Let \(\mathbf{\alpha} = (\alpha_1, \ldots, \alpha_{30})^\top\) and \(\mathbf{\beta} = (\beta_1, \ldots, \beta_{30})^\top\). The joint prior distribution is given by (see BDA2 pg 127) \[ \pi(\mathbf{\alpha}, \mathbf{\beta}, \sigma^2_y, \mu_\alpha, \sigma^2_\alpha, \mu_\beta, \sigma^2_\beta) = \pi(\mu_\alpha, \sigma^2_\alpha, \mu_\beta, \sigma^2_\beta) \times \pi(\mathbf{\alpha}, \mathbf{\beta} , \sigma^2_y \, | \, \mu_\alpha, \sigma^2_\alpha, \mu_\beta, \sigma^2_\beta) \] and the joint posterior distribution is \[ \begin{aligned} \overbrace{\pi(\mathbf{\alpha}, \mathbf{\beta}, \sigma^2_y, \mu_\alpha, \sigma^2_\alpha, \mu_\beta, \sigma^2_\beta \, | \, \mathbf{y})}^{{\color{red} \text{posterior}}} & \propto \overbrace{ \pi(\mathbf{\alpha}, \mathbf{\beta}, \sigma^2_y, \mu_\alpha, \sigma^2_\alpha, \mu_\beta, \sigma^2_\beta)}^{{\color{blue} \text{prior}}} \times \overbrace{ f(\mathbf{y} \, | \, \mathbf{\alpha}, \mathbf{\beta}, \sigma^2_y, \mu_\alpha, \sigma^2_\alpha, \mu_\beta, \sigma^2_\beta)}^{{\color{blue} \text{likelihood}}} \\ & = \pi(\mathbf{\alpha}, \mathbf{\beta}, \sigma^2_y, \mu_\alpha, \sigma^2_\alpha, \mu_\beta, \sigma^2_\beta) \times f(\mathbf{y} \, | \, \mathbf{\alpha}, \mathbf{\beta}, \sigma^2_y) \end{aligned} \] with the latter simplification holding because the data distribution depends only on \(\mathbf{\alpha}\) and \(\mathbf{\beta}\); the hyperparameters \(\{ \mu_\alpha, \sigma^2_\alpha, \mu_\beta, \sigma^2_\beta \}\) affect \(\mathbf{y}\) only through \(\mathbf{\alpha}\) and \(\mathbf{\beta}\).

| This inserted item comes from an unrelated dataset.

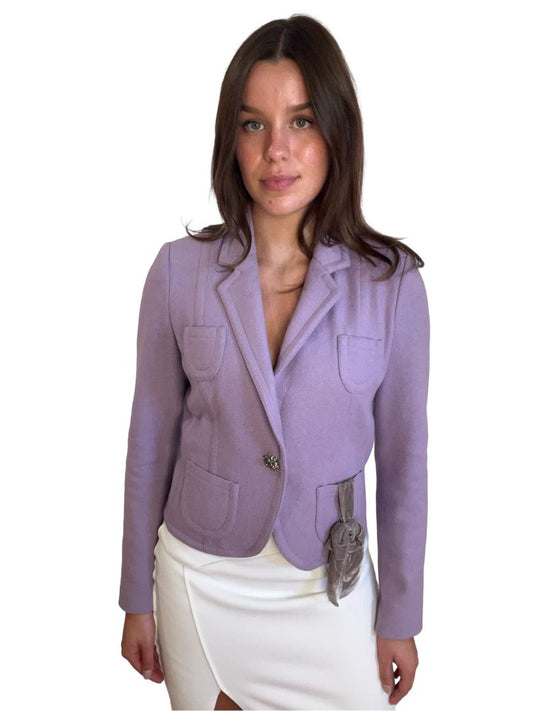 Calvin Klein Purple Wool Blazer with Gem Button & Bow. Size: M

Thus, the joint posterior distribution is proportional to the following. \[ \begin{aligned} & % \overbrace{\pi(\mathbf{\alpha}, \mathbf{\beta}, \sigma^2_y, \mu_\alpha, \sigma^2_\alpha, \mu_\beta, \sigma^2_\beta \,|\, \mathbf{y} )}^{{\color{red} \text{posterior}}} \\ \propto \; & % \pi(\mathbf{\alpha}, \mathbf{\beta}, \sigma^2_y, \mu_\alpha, \sigma^2_\alpha, \mu_\beta, \sigma^2_\beta) \times f(\mathbf{y} \, | \, \mathbf{\alpha}, \mathbf{\beta}, \sigma^2_y) \\ = \; & % \pi(\mathbf{\alpha} \, | \, \mu_\alpha, \sigma^2_\alpha) \times \cancel{\pi(\mu_\alpha)} \times \pi(\sigma^2_\alpha) \times \pi(\mathbf{\beta} \, | \, \mu_\beta, \sigma^2_\beta) \times \cancel{\pi(\mu_\beta)} \times \pi(\sigma^2_\beta) \times \pi(\sigma^2_y) \times f(\mathbf{y} \, | \, \mathbf{\alpha}, \mathbf{\beta}, \sigma^2_y) \\ & \text{\color{blue} \small (factors this way by conditional independence assumption)} \\ \propto \; & % \left[\prod_{i=1}^n \frac{1}{\sqrt{2\pi\sigma^2_\alpha}} \exp\left\{-\frac{1}{2\sigma_\alpha^2} (\alpha_i - \mu_\alpha)^2 \right\}\right] \times \left[\frac{b^a}{\Gamma(a)} \left(\frac{1}{\sigma^2_\alpha}\right)^{a+1} \exp\left\{-b/\sigma^2_\alpha\right\}\right] \\ & \times \left[\prod_{i=1}^n \frac{1}{\sqrt{2\pi\sigma^2_\beta}} \exp\left\{-\frac{1}{2\sigma_\beta^2} (\beta_i - \mu_\beta)^2 \right\}\right] \times \left[\frac{b^a}{\Gamma(a)} \left(\frac{1}{\sigma^2_\beta}\right)^{a+1} \exp\left\{-b/\sigma^2_\beta\right\}\right] \\ & \times \left[\frac{b^a}{\Gamma(a)} \left(\frac{1}{\sigma^2_y}\right)^{a+1} \exp\left\{-b/\sigma^2_y\right\}\right] \\ & \times \left[\prod_{i=1}^n \prod_{j=1}^J \frac{1}{\sqrt{2\pi\sigma^2_y}} \exp\left\{-\frac{1}{2\sigma^2_y} (y_{ij} - \alpha_i-\beta_i t_j)^2 \right\} \right] \end{aligned} \]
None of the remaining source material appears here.